Nike Triax Uhr – nicht sehr göttliche Zeit

also, Fräulein Nike, ich hab da mal ”ne Frage …

“Bei meiner Uhr ist das Armband gerissen.”
(Schau, prüf, guck, nach hinten geh, ratlos schauend zurück kommend)
“Tja, das tut mir leid. Für Ihre Uhr gibt es keine neuen Armbänder.”
(dummguck)
“Aber – so alt ist die doch noch gar nicht?”
“Nein. Aber wir stellen die nicht mehr her.”
“Ja und?”
“Ja, da können wir leider gar nichts machen.”
“Und nun?”
“Sie können sich gerne eine neue Uhr bei uns kaufen.”
“Ach?”

Vor einigen Jahren kaufte er sich für viele viele Euro eine Nike Triax Uhr.

Nike Triax Uhr 2007

Nicht nur, dass sie schön anzusehen ist.
Nein, sie erweist sich auch immer wieder als praktisch – zahlreiche Funktionen sind nützlich, und vor allem, im Gegensatz zu so mancher Uhr von adxxxs oder swxxxh ist aufgrund der eigenwilligen Form der Anzeige die Zeit auch beim Sport, z.B. während es Joggens sehr gut ablesbar.

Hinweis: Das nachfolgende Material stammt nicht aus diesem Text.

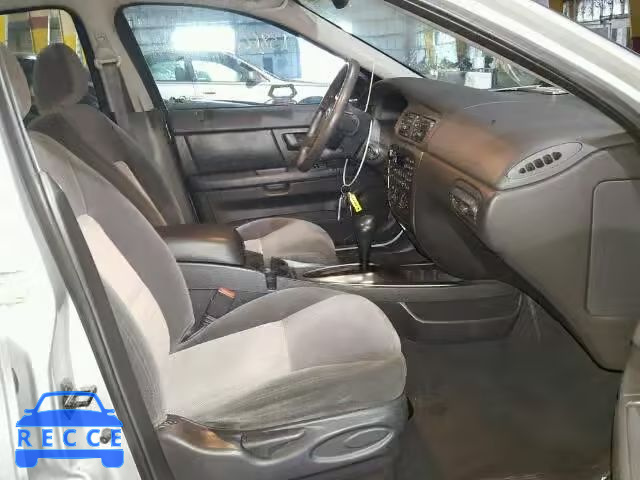 2004 FORD TAURUS SES 1FAFP55S84G180439 image 4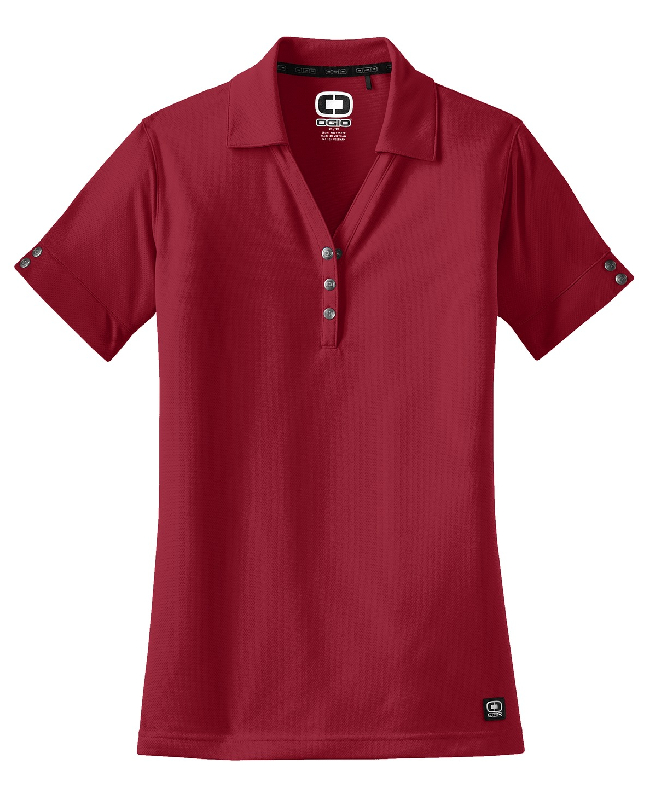 OGIO - Glam Polo. LOG105-1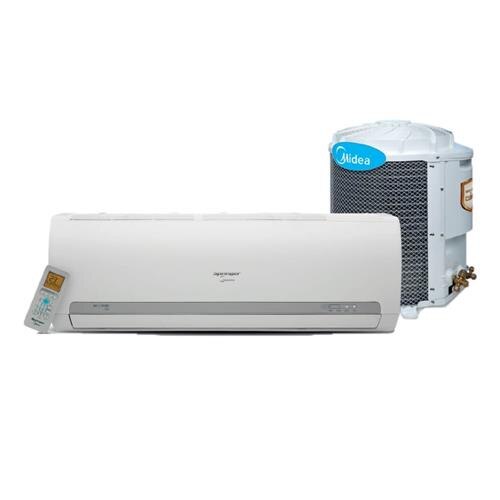 Ar-Condicionado Split Springer Midea Ar+Puro Frio 12000 BTUs 220V é boa?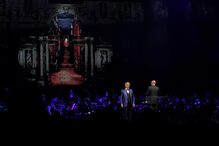 Concerto de Bocelli em Coimbra é um 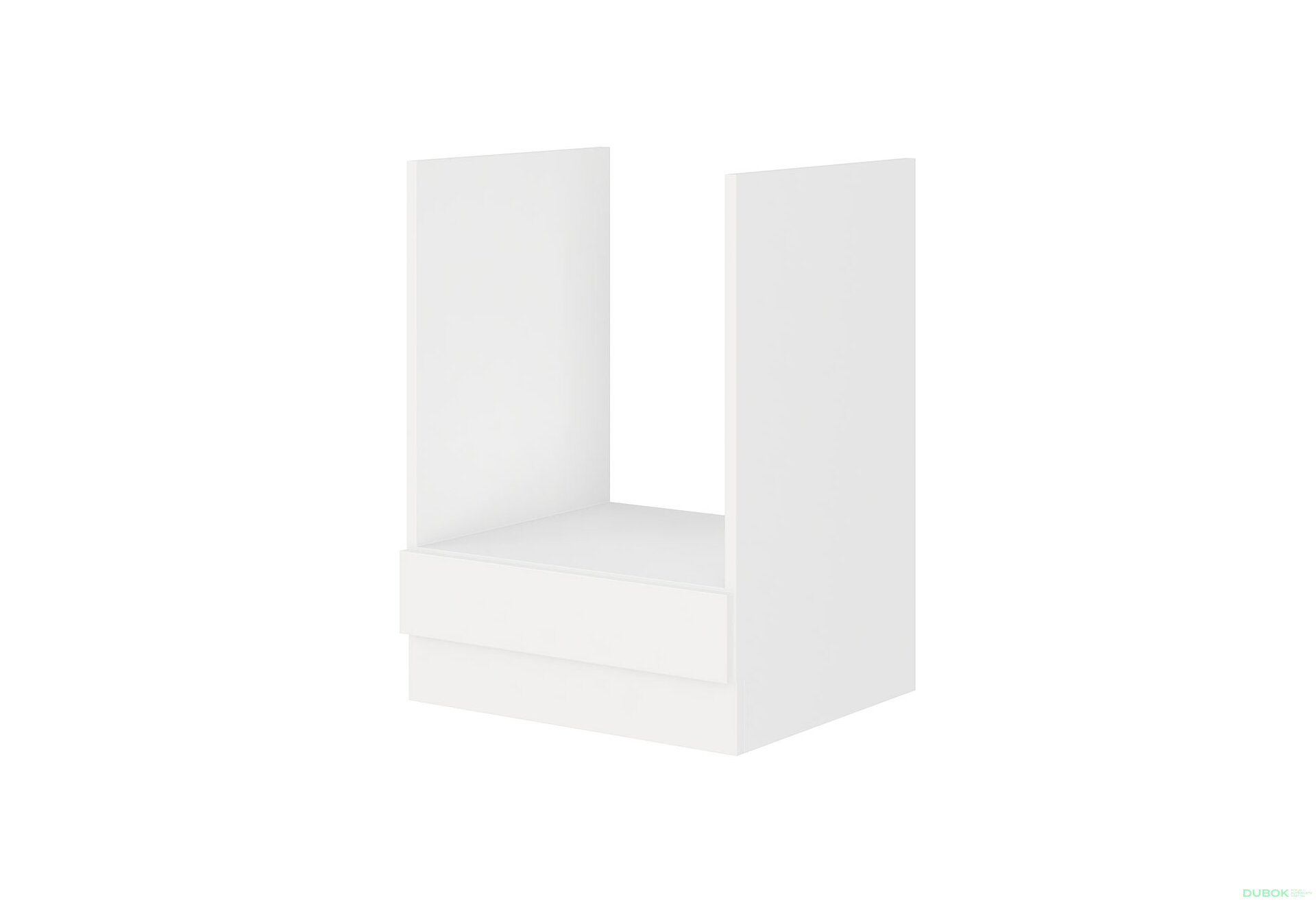 Obrázek 4824 - Kuchyňská sestava 2.7x1.5 m Eko white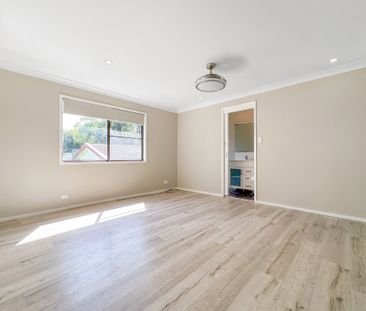 Perfect Family Home - Photo 2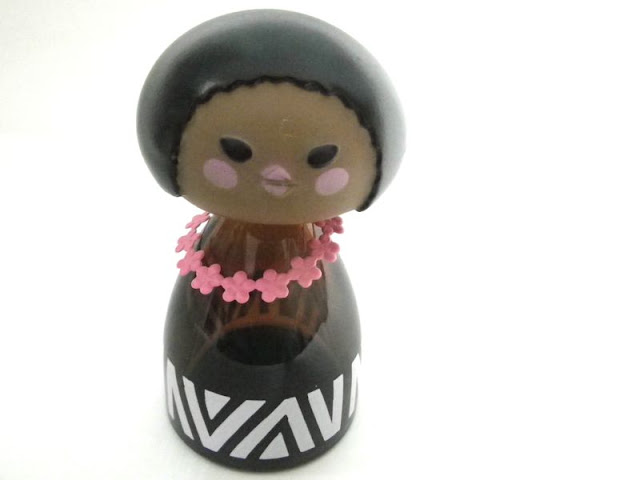 AVON SMALL WORLD スモールワールド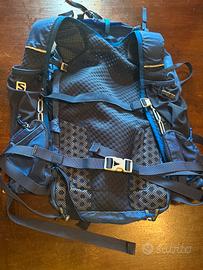 Zaino ss Trekking Salomon Peak 20 Litri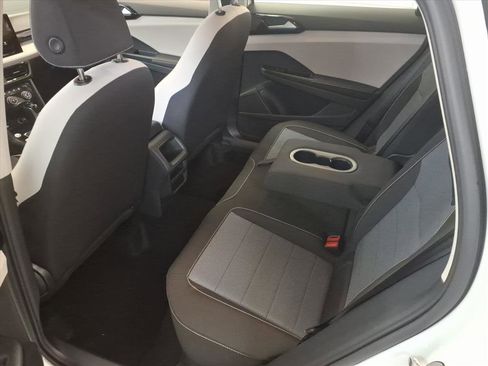 New 2026 Volkswagen Taos S AWD/4WD image 24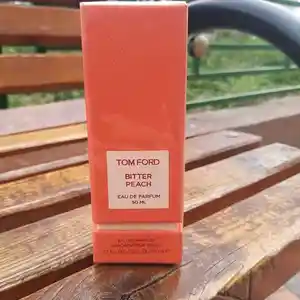 Tom Ford Bitter Peach, Душанбе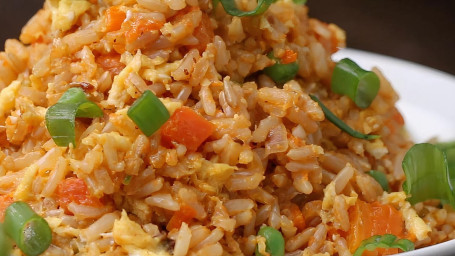 46. Thai Fried Rice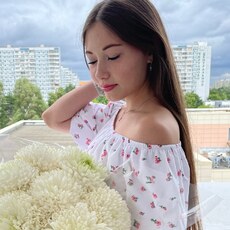 Ангелина, 19 из г. Москва.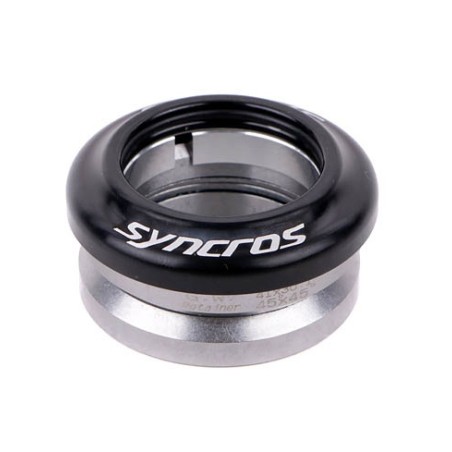 Juego de direccion Syncros DROP IN 1-1/8 1-1/8 IS41/IS41 black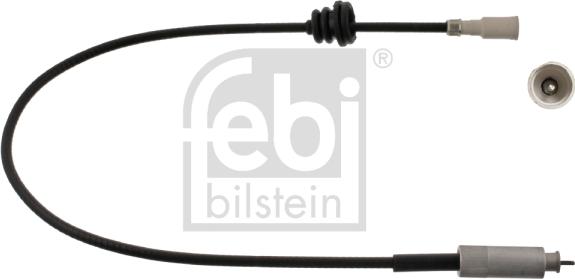 Febi Bilstein 21391 - Alberino flessibile tachimetro autozon.pro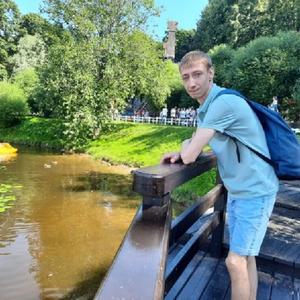 Парни в Кемерово: Николай, 33 - ищет девушку из Кемерово
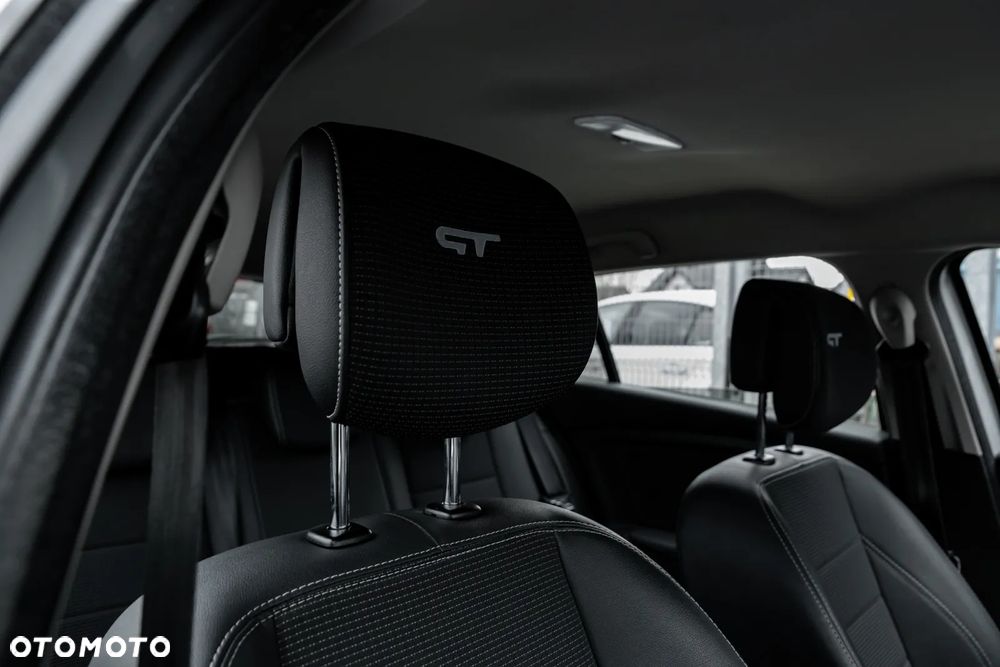 Renault Megane TCe 220 Start & Stop GTline 220 - 29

Nun ist das Armband gerissen, und daraus entspann sich obiger Dialog in einem Ladengeschäft, das sich als ganze Hersteller-Stadt anpreist.

Klar, so eine Uhr, die darf nach einigen Jahren ihre Gebrauchsspuren aufweisen. Und auch das (Kunststoff-)Armband darf schon mal reißen.

Aber – ich darf doch erwarten, dass eine Nike Triax Uhr bei diesem Kauf-Preis repariert werden kann? Dass man zumindest das Armband wechseln kann? Immerhin, sie ist ja nicht Jahrzehnte alt, sondern vielleicht vier, fünf Jahre.

Aber nein, es ist scheinbar ein Wegwerf-Produkt.
Das hätten Sie mir in Ihrer göttlichen Weisheit vorher sagen dürfen, Fräulein Nike …
Wieder ein klassisches Negativ-Beispiel für die Wegwerf-Gesellschaft

* Übrigens, Fräulein Göttin, für meine uralte Swatch Irony bekomm’ ich immer noch Ersatz-Armbänder. Die benutz ich jetzt wieder, auch beim Sport …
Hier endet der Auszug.